How about some of the verbs used by libraries as a method on a class instance: "render" or "convert". Of course we want the nouns: "renderer" or "converter". They are very similar to "translator", but unlike translator are actually used by the existing implementations.

Waylan Limberg

> On Sep 7, 2014, at 2:31 PM, Andrei Fangli <andrei_fangli at> wrote:
> Sean wrote:
> > I am trying to use uniform terms. An implementation that converts
> Markdown content to another format--most typically HTML--is called...a
> Markdown processor, right?
> I was focusing on naming the software that takes text in format A and outputs it in format B (yep, just that use case). The XML specifications define that a XML Processor is something that recognizes the structure of a XML Document, validates it and offers access to its content (e.g.: by tree traversal since XML is hierarchical in nature). A software that simply translates from format A to B only recognizes, validates the structure of the text in format A and outputs the content in format B. If we were to apply an analogous definition for a Markdown Processor then the access to content is lost because the initial document as a whole is outputted in format B without having the chance to peak at its content. In that case we cannot name that software a processor, it may use one internally to get the job done.
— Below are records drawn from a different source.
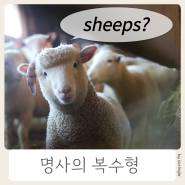 sheep 복수형, mouse 복수형,셀 수 있는 명사, 문법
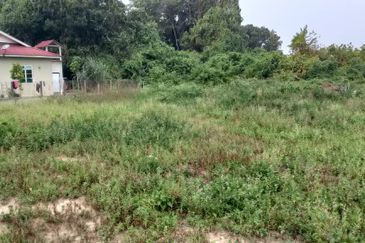 TAMAN KETAPANG MUALIM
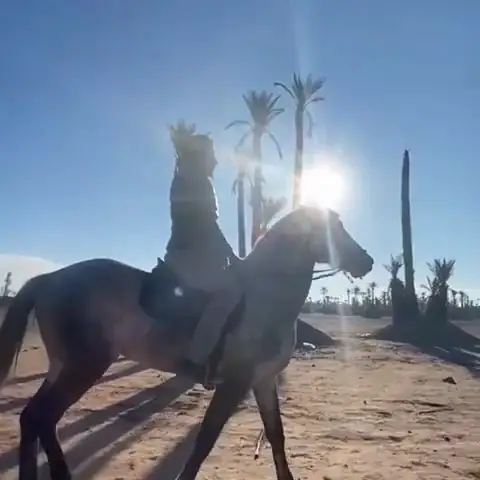 Equestre Palmeraie - Cheval Marrakech · Équitation · Marrakech · photo 2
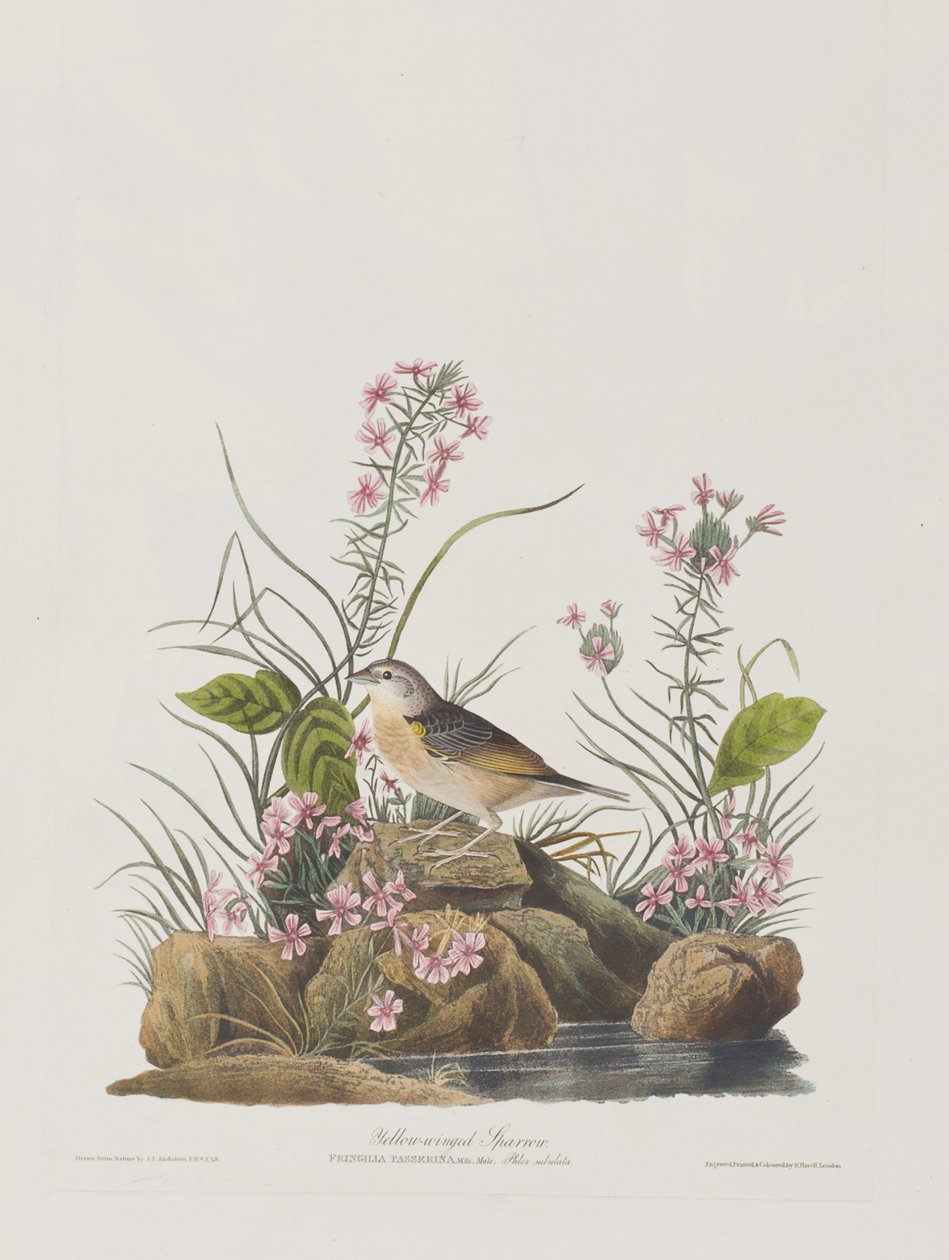 Illusztráció a "Birds of America"-ból alkotó: John James Audubon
> In the case of a software that allows visualisation of Markdown documents prior to translation/export, eventually allowing editing, indexing, word count, page count etc., I agree, that no longer can be called a translator because it does much more. That software falls well in the terms of a word processor (specialized for Markdown in this case) as pointed out, however I’m not sure that’s what Sean was asking.
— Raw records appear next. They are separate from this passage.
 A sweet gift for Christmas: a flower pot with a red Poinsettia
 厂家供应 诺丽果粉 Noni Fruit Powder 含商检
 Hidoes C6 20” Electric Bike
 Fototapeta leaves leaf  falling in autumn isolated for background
> This discussion is turning out quite interesting as parsers require a grammar in a formal language (e.g.: BNF) while a processor can be implemented from a description.
> Andrei Fangli
> From: Aristotle Pagaltzis
> Sent: ‎Sunday‎, ‎7‎ ‎September‎ ‎2014 ‎20‎:‎53
> To: markdown-discuss at
> * Andrei Fangli <andrei_fangli at> [2014-09-07 10:45]:
> > When I hear Markdown processor I think of a specialized word/text
> > processor
> That is not what it generally mean in RFCs. The XML specs speak of an
> XML processor, the Atom RFCs speak of an Atom processor, etc. So I think
> the terminology here is correct for an RFC.
> (To me what you refer to is a “Markdown word processor”, esp considering
> that a word processor is called a *word* processor rather than, say, an
> RTF processor or a DOC processor.)
> I’ll also defend the term on grounds of its meaning later, but let me
> first address the proposed alternatives:
> > For me, Markdown implementation sounds a bit odd. Markdown is not
> > standardized nor is its specification clear enough
> Agree.
> > I’d simply name the specification (or flavour) and append “Translator”
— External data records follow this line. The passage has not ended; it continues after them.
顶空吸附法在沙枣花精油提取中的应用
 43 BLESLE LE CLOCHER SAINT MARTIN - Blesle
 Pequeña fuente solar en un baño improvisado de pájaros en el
> > at the end (e.g.: Github flavoured Markdown Translator, Common
> > Markdown Translator etc.).
> That is specific to a use case. E.g. multiple MacOS X QuickLook plugins
> for Markdown preview exist; these are not translators, all they can do
> is display the document (or a portion of it). Internally they may use
> a translator, as most probably do, but they may just as well be written
> on top of a Markdown parser that merely creates an AST rather than any
> kind of output; either way it’s an implementation detail.
> * Andrei Fangli <andrei_fangli at> [2014-09-07 17:00]:
> > Parsing is all about syntactic analysis, a parser may well just return
> > true and false depending on whether the input is syntactically correct
> > or not.
> Yes, agree: “parser” is not the right term.
> It’s also not the right term because a translator need not necessarily
> parse the document. doesn’t. So actually, “Markdown parser”
> in fact excludes the canonical Markdown… processor.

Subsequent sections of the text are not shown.